The second Star Wars spinoff movie, based on that ol’ scoundrel Han Solo, is also the second Star Wars movie with a soundtrack by someone other than John Williams. He still helms the main “Saga” films, but this time out John Powell had the difficult task of writing new Star Wars music. Powell’s career has mostly centred on kids’ movies like Antz and Shrek. He had an Oscar nomination for How to Train Your Dragon. He’s also known for action scores, like the Bourne movies and and X-Men: The Last Stand. Though Solo has plenty of action, Powell doesn’t go for tired action cliches in his score. And of course, there are plenty of callbacks and reprises of old Williams themes that you’ll never forget.

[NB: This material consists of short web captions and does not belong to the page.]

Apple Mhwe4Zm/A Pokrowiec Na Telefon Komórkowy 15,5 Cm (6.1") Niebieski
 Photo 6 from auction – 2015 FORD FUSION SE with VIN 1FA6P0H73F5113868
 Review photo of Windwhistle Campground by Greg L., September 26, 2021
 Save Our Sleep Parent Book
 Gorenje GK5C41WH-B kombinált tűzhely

The opening cue “The Adventures of Han” begins sounding like an old film reel, before settling into something Marvel-like and heroic. This track was actually composed and conducted by Williams himself, providing the essence of a new theme for Han.
Solo is a different kind of Star Wars movie, even from Rogue One (conducted by Michael Giacchino). Likewise, its score is different too though still living in the same universe. Modern percussion and instrumentation can be found alongside the traditional. Han comes from a dark corner of the galaxy, and the score is fraught with tension over oceans of calm (“Flying with Chewbacca”). The characters of Han Solo and Lando Calrissian are loaded with panache, and so are parts of the score. Some of the best tracks are the dark “Spaceport”, which is contrasted by the rhythmic action of “Train Heist”.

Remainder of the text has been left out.